Katastrophale Arbeitsbedingungen in Textilfabriken in Bangladesch, Pakistan, El Salvador. In Hamburg gibt es jetzt Protestaktionen.

Berlin/Hamburg. Als Uwe Kekeritz Anfang Juni einmal um den halben Globus flog, von Franken ins südamerikanische El Salvador, sah er, dass alles ein bisschen erträglicher geworden war. Erträglicher, nicht aus europäischer oder gar deutscher Sicht.

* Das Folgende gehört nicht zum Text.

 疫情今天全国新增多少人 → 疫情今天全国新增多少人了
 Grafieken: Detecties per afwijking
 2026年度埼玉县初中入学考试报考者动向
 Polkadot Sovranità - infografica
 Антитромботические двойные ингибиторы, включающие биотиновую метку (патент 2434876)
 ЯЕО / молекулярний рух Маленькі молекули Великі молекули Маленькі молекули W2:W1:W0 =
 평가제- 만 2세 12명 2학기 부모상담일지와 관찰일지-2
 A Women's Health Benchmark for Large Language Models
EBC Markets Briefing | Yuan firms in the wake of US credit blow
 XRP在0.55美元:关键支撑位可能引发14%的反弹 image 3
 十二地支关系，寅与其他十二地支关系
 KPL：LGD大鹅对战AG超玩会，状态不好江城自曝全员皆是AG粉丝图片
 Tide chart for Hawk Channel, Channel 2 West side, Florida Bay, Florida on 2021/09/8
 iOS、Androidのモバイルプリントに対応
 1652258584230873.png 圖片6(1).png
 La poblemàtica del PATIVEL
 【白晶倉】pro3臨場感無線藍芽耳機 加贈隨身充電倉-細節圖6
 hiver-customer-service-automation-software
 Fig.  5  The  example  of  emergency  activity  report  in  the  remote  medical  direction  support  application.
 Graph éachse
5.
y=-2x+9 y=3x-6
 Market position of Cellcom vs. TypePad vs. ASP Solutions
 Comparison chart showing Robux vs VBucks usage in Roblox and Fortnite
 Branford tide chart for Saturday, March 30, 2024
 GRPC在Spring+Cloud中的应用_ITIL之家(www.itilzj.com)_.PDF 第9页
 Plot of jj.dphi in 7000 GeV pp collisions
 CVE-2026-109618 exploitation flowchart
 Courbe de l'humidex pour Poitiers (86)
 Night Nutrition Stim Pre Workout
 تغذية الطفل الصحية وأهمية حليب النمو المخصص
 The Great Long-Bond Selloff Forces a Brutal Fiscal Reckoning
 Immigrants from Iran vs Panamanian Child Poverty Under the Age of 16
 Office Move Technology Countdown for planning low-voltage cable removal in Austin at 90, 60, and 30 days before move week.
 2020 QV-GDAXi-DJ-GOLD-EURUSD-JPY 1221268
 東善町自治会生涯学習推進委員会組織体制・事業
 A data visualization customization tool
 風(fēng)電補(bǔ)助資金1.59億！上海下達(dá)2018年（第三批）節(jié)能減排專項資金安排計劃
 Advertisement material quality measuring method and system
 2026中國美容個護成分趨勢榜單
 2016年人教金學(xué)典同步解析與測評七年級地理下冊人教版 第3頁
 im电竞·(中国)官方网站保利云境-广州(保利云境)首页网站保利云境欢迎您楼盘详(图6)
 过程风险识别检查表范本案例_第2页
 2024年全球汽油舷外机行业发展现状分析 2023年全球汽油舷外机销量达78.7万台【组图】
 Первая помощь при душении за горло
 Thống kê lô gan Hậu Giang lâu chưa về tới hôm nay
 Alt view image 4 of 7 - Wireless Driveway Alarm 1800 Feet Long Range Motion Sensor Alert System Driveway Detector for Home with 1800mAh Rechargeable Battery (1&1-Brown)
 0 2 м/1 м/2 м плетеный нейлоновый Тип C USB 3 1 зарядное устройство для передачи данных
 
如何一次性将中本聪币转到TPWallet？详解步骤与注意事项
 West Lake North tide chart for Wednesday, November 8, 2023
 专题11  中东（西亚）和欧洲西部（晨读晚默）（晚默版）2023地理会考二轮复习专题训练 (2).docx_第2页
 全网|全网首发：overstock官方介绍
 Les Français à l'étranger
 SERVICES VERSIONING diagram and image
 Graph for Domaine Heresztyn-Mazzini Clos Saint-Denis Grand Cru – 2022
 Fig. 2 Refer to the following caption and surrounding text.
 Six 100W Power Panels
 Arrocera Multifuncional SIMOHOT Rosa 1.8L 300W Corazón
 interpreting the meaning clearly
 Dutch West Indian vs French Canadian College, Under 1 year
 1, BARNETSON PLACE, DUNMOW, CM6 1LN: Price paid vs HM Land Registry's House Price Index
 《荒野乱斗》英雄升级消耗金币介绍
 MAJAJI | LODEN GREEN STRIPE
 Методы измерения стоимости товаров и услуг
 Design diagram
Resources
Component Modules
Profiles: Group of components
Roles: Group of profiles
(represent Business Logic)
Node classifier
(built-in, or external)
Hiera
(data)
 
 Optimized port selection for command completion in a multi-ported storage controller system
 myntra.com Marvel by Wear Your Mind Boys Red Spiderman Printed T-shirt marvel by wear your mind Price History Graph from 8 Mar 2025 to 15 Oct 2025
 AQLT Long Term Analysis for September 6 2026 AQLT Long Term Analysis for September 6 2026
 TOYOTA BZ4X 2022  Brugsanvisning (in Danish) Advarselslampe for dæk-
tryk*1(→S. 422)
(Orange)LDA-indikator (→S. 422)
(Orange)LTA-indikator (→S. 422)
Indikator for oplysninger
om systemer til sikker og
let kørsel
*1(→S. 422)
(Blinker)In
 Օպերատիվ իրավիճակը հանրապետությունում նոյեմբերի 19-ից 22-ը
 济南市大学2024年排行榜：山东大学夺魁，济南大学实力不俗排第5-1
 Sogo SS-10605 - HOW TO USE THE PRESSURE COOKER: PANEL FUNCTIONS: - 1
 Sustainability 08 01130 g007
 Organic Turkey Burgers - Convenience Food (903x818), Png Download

Erträglicher aber für die Näherinnen, die in den Fabriken für große deutsche Sportartikelhersteller T-Shirts und Hosen produzieren. "Die Frauen werden nicht mehr geschlagen, nicht mehr zu Schwangerschaftsuntersuchungen gezwungen, sie haben Wasser an ihren Fließbändern und dürfen eine Mittagspause machen", sagt Kekeritz, Grünen-Bundestagsabgeordneter aus Bayern. Wobei es "ein Hohn" sei, angesichts solcher Minischritte überhaupt von Verbesserungen zu sprechen.

Es sind namhafte Firmen, die in El Salvador produzieren lassen. Adidas und Puma gehören dazu, viele andere große Kleidungsproduzenten weichen auf Drittweltländer in Asien aus. So sind etwa vier Fünftel der Exporte Bangladeschs Textilien, Warenwert 20 Milliarden US-Dollar. 4500 Fabriken gibt es in dem Land.

Eine Woche ist es her, dass ein Feuer in den Räumen der Tazreen Fashion Limited nördlich der Hauptstadt Dhaka ausbrach. Mehr als 120 Menschen verbrannten, Hunderte wurden verletzt. Es werden viele leicht entzündliche Chemikalien in der Textilproduktion verwendet, der Umgang mit ihnen ist oft lax. Die Tazreen Fashion Limited beliefert unter anderen die Düsseldorfer Modekette C&A. Bis vor Kurzem hat auch der Discounter Kik hier produzieren lassen. Beide Unternehmen gehören mit Walmart und H&M zu den wichtigsten Abnehmern der Textilfabriken in Bangladesch.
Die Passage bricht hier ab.